Demonstrates how to self host a model with UpscalerJS.

Open example in Stackblitz.
tip

If you're looking for a guide on how to host your own models in a Node environment, check out the Node-specific guide.

Background

UpscalerJS provides support for loading models via the local filesystem. This might be useful when we want to host the models ourselves (perhaps we're running offline), or if we have a custom model we wish to integrate with UpscalerJS.

note

In this example, we'll be using the raw 2x model.json available via the esrgan-slim package to demonstrate.

Code

We first need to ensure that our model file is accessible locally via a URL, as Tensorflow.js requires a HTTP-compatible model file. In our example, we're using vite, which automatically exposes the public folder statically. Therefore, we've placed our model files into the public folder which has made them accessible at /model.json.
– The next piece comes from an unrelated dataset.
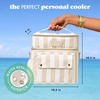 image:imageFit amp Fresh Sidekick Dual Compartment Insulated Soft Cooler Bag amp Lunch Box  Bottle Pocket Extra Storage Crossbody Strap 15Can Capacity LeakResistant Small Cooler For Beach Pool Work amp TravelPina Colada Cabana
We can then specify the model with a custom model attribute:

import Upscaler from 'upscaler'

const upscaler = new Upscaler({
model: {
scale: 2,
path: '/model.json',
}
})

Both scale and path are required options. Models are tied to a specific scale which must be specified per model.

Model options

We can further specify our model with additional configuration options:

import Upscaler from 'upscaler'

const upscaler = new Upscaler({
model: {
scale: 2,
path: '/model.json',
preprocess: input => tf.tidy(() => tf.mul(input, 1 / 255)),
postprocess: output => tf.tidy(() => output.clipByValue(0, 255)),
}
})

preprocess and postprocess are functions called on the input and output tensors, respectively.

The model can also define a function that returns a ModelDefinition, which can be helpful for defining custom layers and ops:

import Upscaler from 'upscaler'

const getModelDefinition = (
/**
* tf refers to the currently active Tensorflow.js library, which may be
* @tensorflow/tfjs, @tensorflow/tfjs-node, or @tensorflow/tfjs-node-gpu.
**/
tf,
) => {
class CustomLayer extends Layer {
call(inputs: Inputs) {
... some definition ...
}

static className = 'CustomLayer'
}

tf.serialization.registerClass(CustomLayer);

return {
scale: 2,
path: '/model.json',
preprocess: input => tf.tidy(() => tf.mul(input, 1 / 255)),
postprocess: output => tf.tidy(() => output.clipByValue(0, 255)),
}
}

const upscaler = new Upscaler({
model: getModelDefinition,
})

We can see an example of two custom models defined in the esrgan-thick model package.